Remove cap tricks, use address comparison for subslice offset

Replace cap(parent) - cap(subslice) with a straightforward scan that compares element addresses: &data[i] == &subslice[0]. This is well-defined Go pointer comparison on elements of the same backing array, with no dependency on capacity semantics, reflect, or unsafe. The scan is O(n) but only runs on error paths, and TOML documents are small per the project's design constraints. Also remove the Offset field from ParserError and the setErrOffset machinery — the offset is computed at the point of consumption (wrapDecodeError, Parser.Range) rather than cached on the error.
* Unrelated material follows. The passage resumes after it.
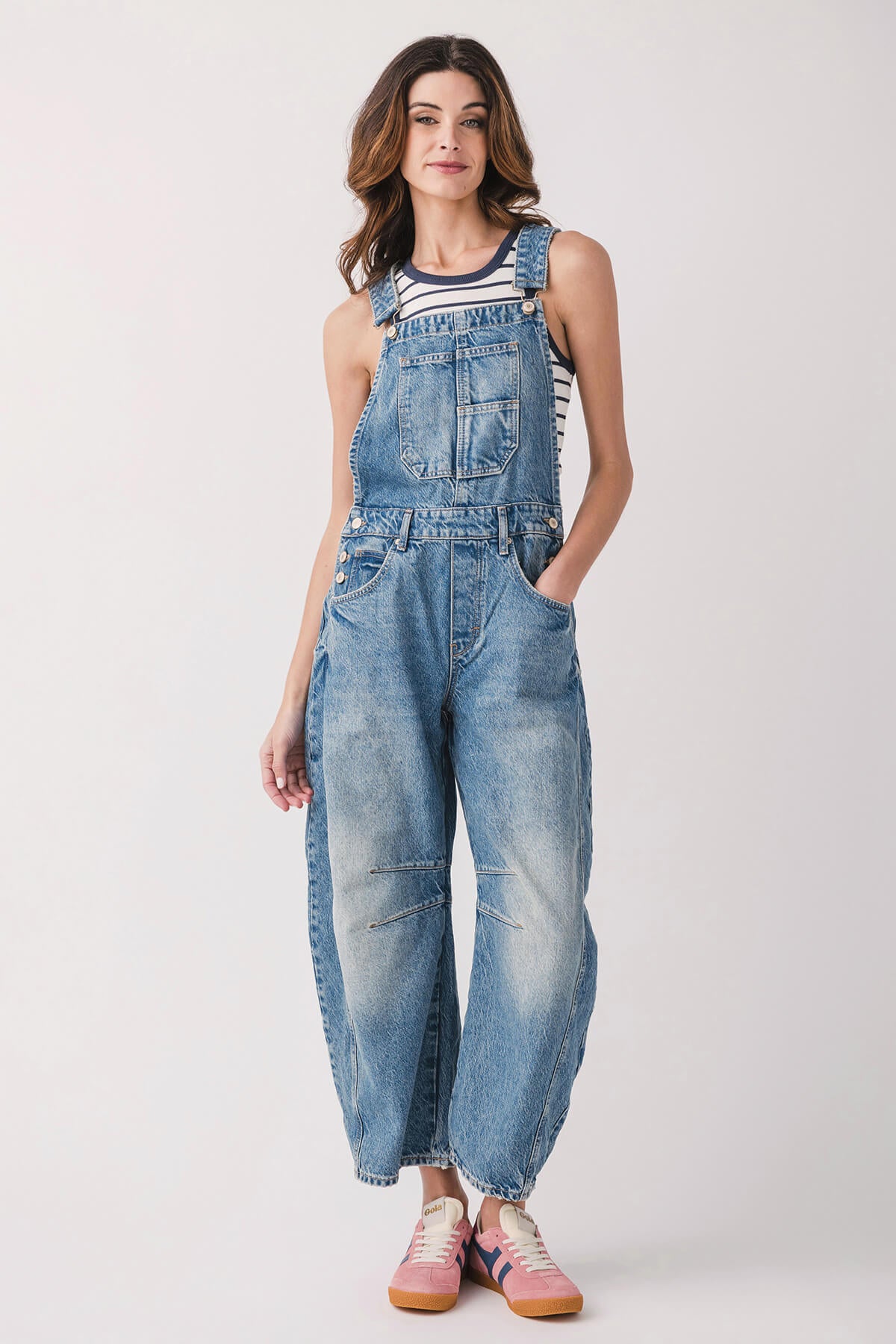 Light blue denim overalls with front pocket bib, relaxed fit and cuffed hems.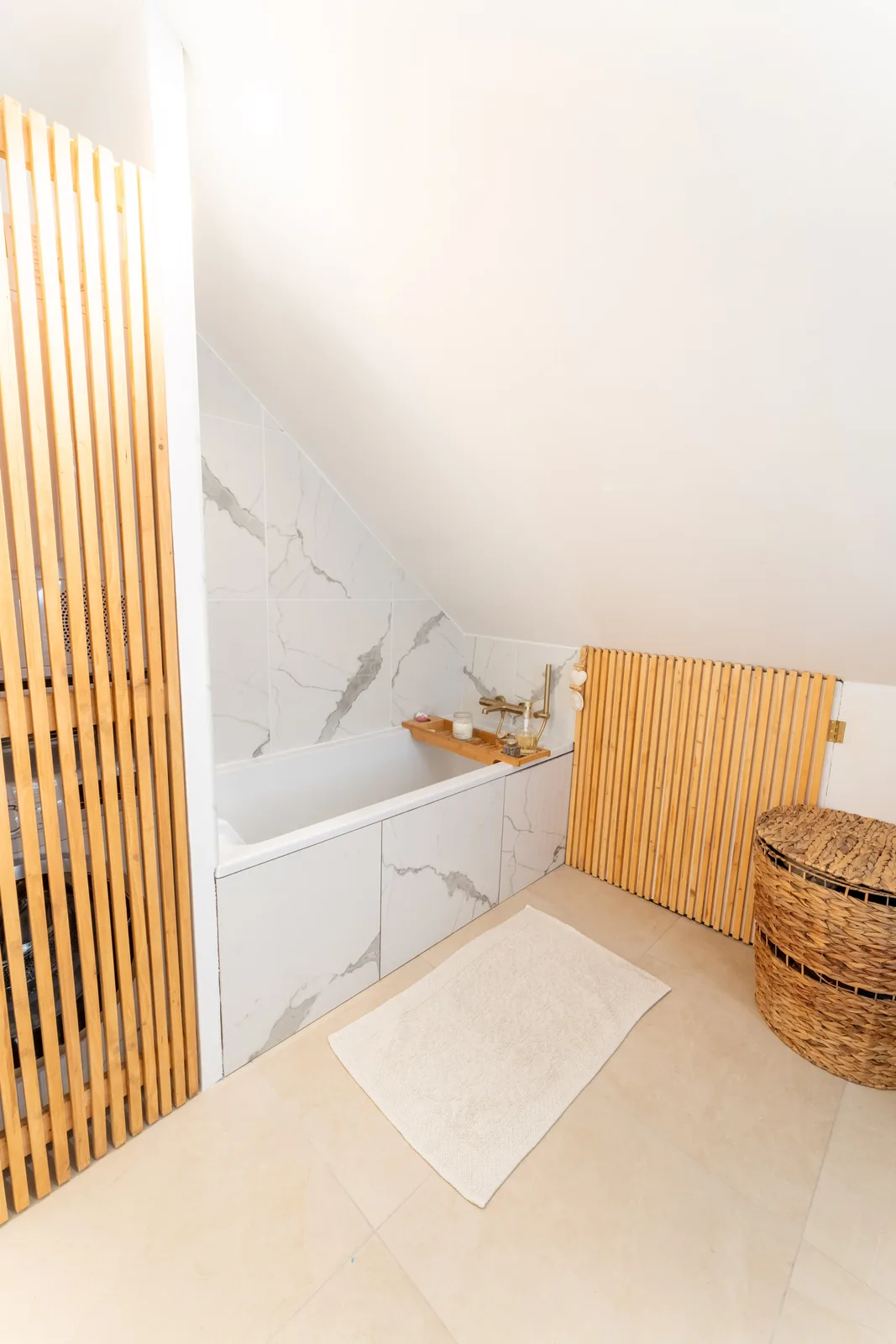 Baignoire sous pente habillée de marbre blanc et claustra en tasseaux de bois.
Co-authored-by: Thomas Pelletier <thomas@pelletier.dev>
2026-04-12 18:17:55 +00:00
parent 96ac48eb74
commit 19174a4293
5 changed files with 31 additions and 82 deletions
@@ -99,7 +99,7 @@ func (e *DecodeError) Key() Key {
 //
 //nolint:funlen
 func wrapDecodeError(document []byte, de *unstable.ParserError) *DecodeError {
-	offset := cap(document) - cap(de.Highlight)
+	offset := subsliceOffset(document, de.Highlight)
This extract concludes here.